Mortgage rates improved today following weaker economic data in Europe.  That data fueled demand in bond markets overnight, pulling US Treasury yields back to yesterday's lowest levels.  The mortgage-backed-securities (MBS) that dictate loan pricing take heavy cues from that movement in broader bond markets.  The trick is for the daytime hours to cooperate. 

In other words, overnight gains in bond markets (meaning "lower rates") will only materialize into lower mortgage rates if those gains hold for a few hours in the morning.  That's often up to the economic data calendar, and today was no exception.  While the first round of data didn't do much to threaten bond markets, the 10am data caused quite a bit of volatility.  While it did end the good times for today, markets held on to enough of the gains for lenders to avoid issuing 'negative reprices' (where mortgage lenders raise rates in the middle of the day). 

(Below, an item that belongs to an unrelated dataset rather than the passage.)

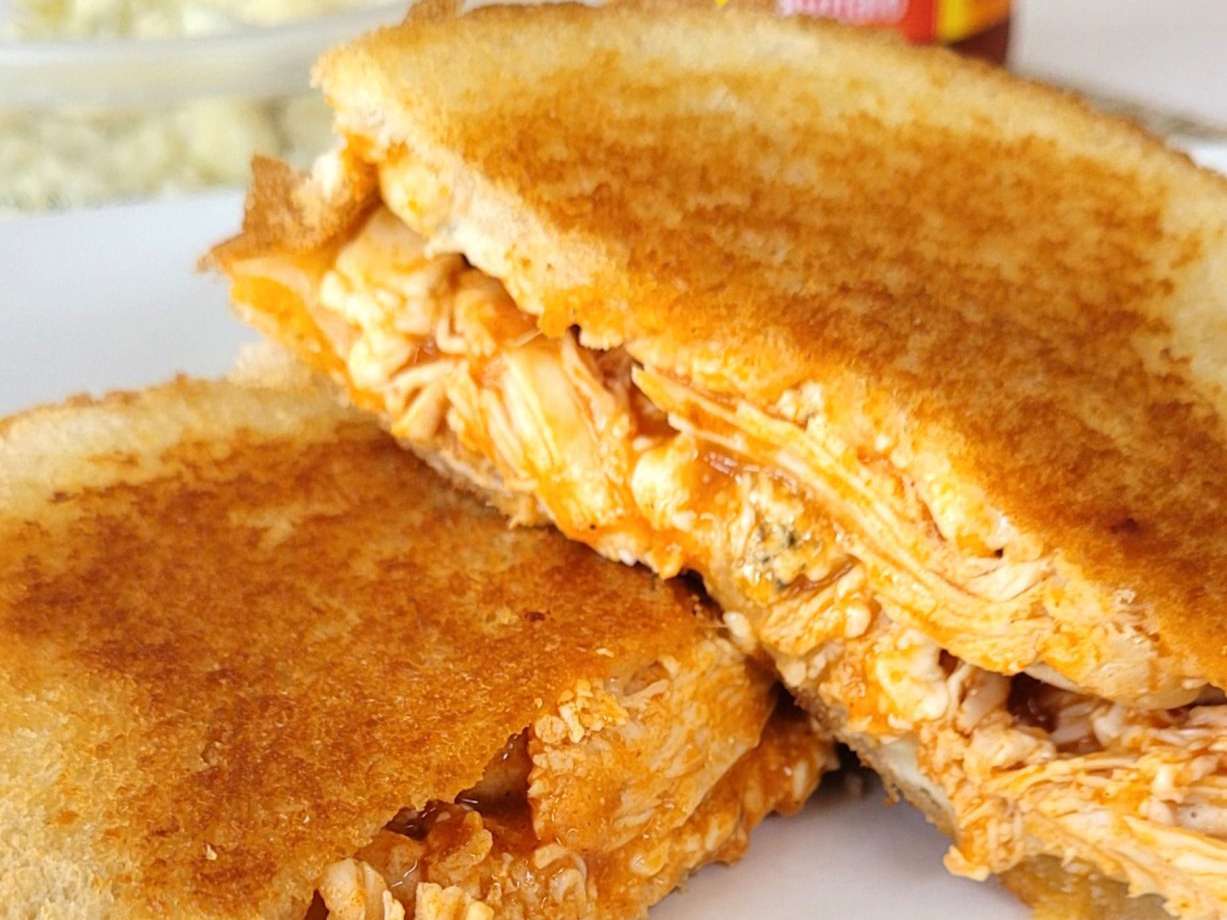 Buffalo Chicken Grilled Cheese Sandwich Recipe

The most prevalently-quoted conforming 30yr fixed rate remains 4.0% for top tier borrowers.  The closing costs associated with that rate are now back in line with those seen on Tuesday, which was the best day in November at the time.  4.125% is still a respectable runner-up, but it at current levels, 3.875% is very close.

 


Loan Originator Perspective

"Another day trapped in the range. All in all the current range is a great place to be trapped in. The lack of volatility in best execution rates over the last couple of weeks has proven to be both a great time to float and lock. There is certainly a consolidation here that will pop, when it does you have to be ready for the volatility. Loans closing within 15 days should be locking. " -Constantine Floropoulos, Quontic Bank

"Another day of sideways trades today, as we treaded water, again. It's amazing how little movement we've seen, my pricing has moved less than .5% (to cost, not rate) for the past few weeks. All in all, at least we're stuck at attractive levels. It's going to be interesting when we break out, whether it's higher, or lower rates!" -Ted Rood, Senior Loan Officer, MB Bank

"Rates continue to be range bound. While the range is holding, my advice continues to be the same. Float all loans until within 15 days of funding, then pull the trigger. Weakness out of Europe appears to be the major driver of this range bound market and i do not see any European recovery in the near future. So a spike in interest rates here appears to be unlikely anytime soon." -Victor Burek, Open Mortgage

"Mortgage bonds remain in a tight sideways pattern. Bonds are bound to break higher or lower in the coming trading days. Depending on which direction the break occurs we may be quickly locking or popping champagne corks as we enjoy a dip in rates. Float carefully for now but do keep a close eye on the ten year treasury yield for signs of the break." -Manny Gomes, Branch Manager Norcom Mortgage

Today's Best-Execution Rates

  • 30YR FIXED - 4.0-4.125
  • FHA/VA - 3.5-3.75
  • 15 YEAR FIXED -  3.25
  • 5 YEAR ARMS -  3.0 - 3.50% depending on the lender


Ongoing Lock/Float Considerations

  • The hallmark of 2014 has been a narrow range in rates.  Too many market participants bet on rates going higher in 2014, and markets punished that imbalance with a paradoxical move lower.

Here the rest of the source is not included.